As shown in Table 1 the 4 groups of HF patients characterized by resting clinic HR values below 70, between 70 and 79, 80 and 89 and above 90 beats/minute displayed a similar gender distribution and a superimposable age. This was the case for body mass index, systolic and diastolic BP, serum hemoglobin, serum glucose, plasma creatinine and estimated glomerular filtration rate. Left ventricular ejection fraction was similarly reduced in the 4 groups, which showed also a similar New York Heart Association functional class distribution, a similar number of HF cases of ischemic or idiopathic nature and a similar distribution of patients with preserved, midrange and reduced ejection fraction. Similar increases in BNP values were detected in the 4 groups. Individual and average clinic HR values assessed in the 4 HF groups are shown in Fig. 1, which also displays individual and average data related to 24-h HR Holter monitoring, MSNA and venous plasma NE. As expected, in HF patients resting HR values were progressively and significantly increased from the group with an HR below 70 beats/minute to the ones displaying HR between 70 and 79, 80 and 89 and above 90 beats/minute (Fig. 1, left upper panel). This was the case also for 24-h HR values (Fig. 1, left lower panel). More importantly, although consistent interindividual differences were detected, patients with clinic HR values greater than 70 beats/minute were characterized by MSNA and NE values significantly increased as compared to those found in HF with HR lower than 70 beats/minute (Fig. 1, upper middle and right panels). The increase was progressively greater for magnitude from the group with HR between 70 and 79 beats/minute to the ones with HR between 80 and 89 and above 90 beats/minute, respectively. A similar behavior was found when HR values were assessed during the 24-h Holter monitoring (Fig. 1, lower middle and right panels).

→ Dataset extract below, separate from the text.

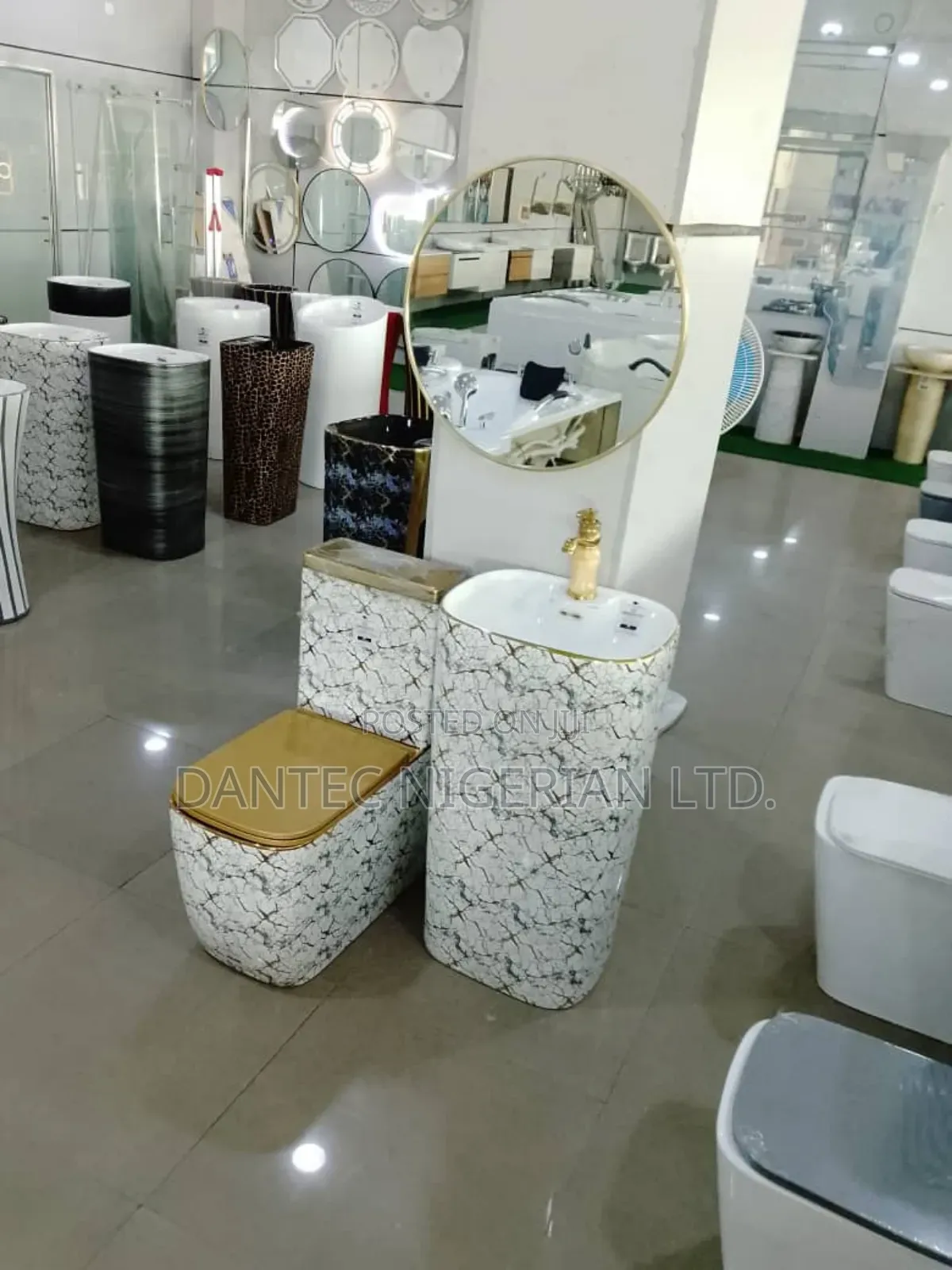 Married Together Gold and White Wc With Full Standing Basin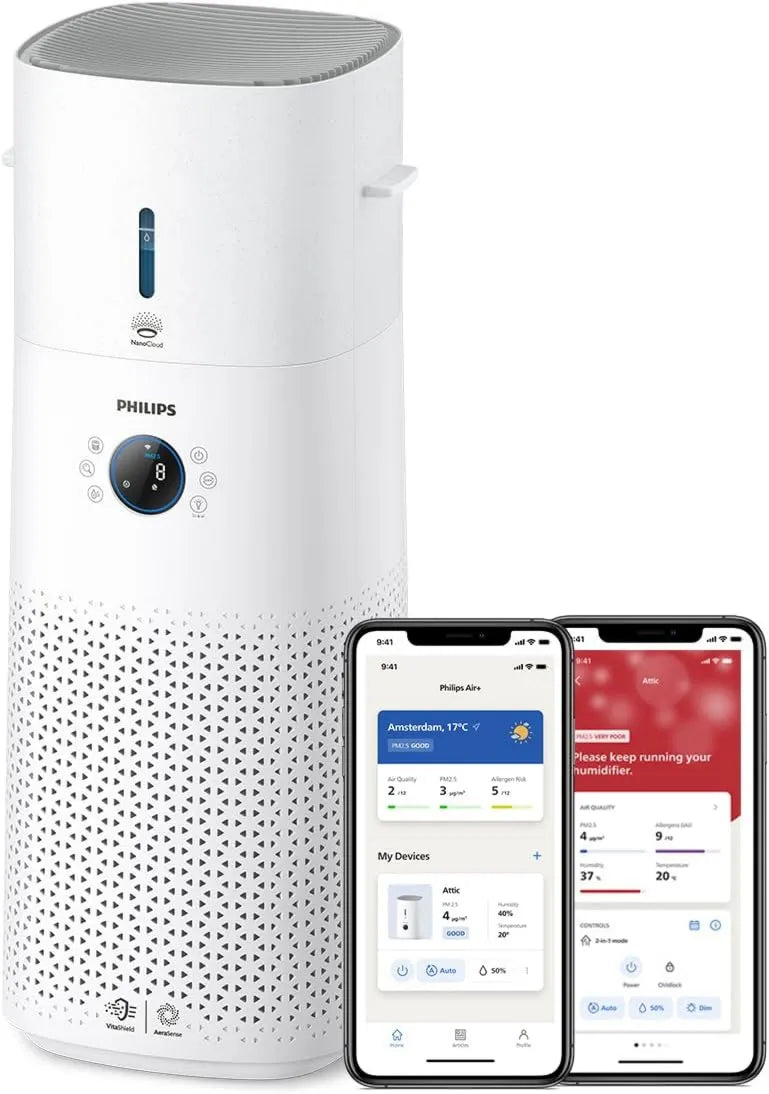 PHILIPS oczyszczacz powietrza, 2-in-1 m3 / h, 505 m3 / h, płyta IPS, biały, eliminuje 99, 97% zanieczyszczeń, HEPA 2-en-1 m3/h AC3737/10, do 131 m²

Table 1 Demographic, hemodynamic and clinic characteristics of heart failure patients with different clinic heart rate (HR) values
Fig. 1
figure 1

Upper panels: individual and average values (± SEM) of clinic heart rate (HR), muscle sympathetic nerve traffic (MSNA), and venous plasma norepinephrine (NE) in the groups of patients with heart failure with resting clinic heart rate < 70 beats minute, between 70 and 79 beats/minute, between 80 and 89 and > 90 beats/minute. Lower panels: individual and average values (± SEM) of 24-h (24 h) heart rate (HR), muscle sympathetic nerve traffic (MSNA), and venous plasma norepinephrine (NE) in the groups of patients with heart failure with resting 24-h heart rate < 70 beats minute, between 70 and 79 beats/minute, between 80 and 89 and > 90 beats/minute. Bs/min indicates bursts/minute. Asterisks (*P < 0.05, **P < 0.01) refer to the statistical significance between groups

As shown in the left upper and lower panels of Fig. 2, in the group as a whole MSNA and plasma NE showed a highly significant relationship with clinic HR, the correlation being closer for MSNA than for NE. Similar relationships were found when 24-h HR values were considered (Fig. 2, right upper and lower panels). When correlations were sought separately in the 4 different groups of HF patients MSNA was always significantly related to HR, while NE only in the 2 groups of patients with greater HR values, i.e., between 80 and 89 and above 90 beats/minute (data not shown). In the group of HF patients as a whole both MSNA and NE showed significant direct relationships with left ventricular ejection fraction (r = 0.35 and r = 0.24, P < 0.001 and P < 0.05, respectively).

Fig. 2
figure 2

Left: regressing clinic heart rate (HR) on muscle sympathetic nerve traffic (MSNA), expressed as bursts frequency over time (bursts per minute, bs/min, upper) and plasma norepinephrine (NE, lower) in 103 heart failure patients. Correlation coefficients (r) and P values are shown. Right: regressing 24-h HR on MSNA, expressed as bursts frequency over time (bursts per minute, upper) and venous plasma NE (lower) in the same 103 HF patients displayed on the left panels. Correlation coefficients (r) and P values are shown

Healthy controls

Table 2 reports the main demographic, anthropometric, hemodynamic, and biochemical characteristics of the 3 groups of healthy control subjects displaying different resting clinic HR values, i.e., below 70, between 70 and 79 and above 80 beats/minute, respectively. The 3 groups showed superimposable values of the various variables examined, including left ventricular ejection fraction, which was always within the normal range.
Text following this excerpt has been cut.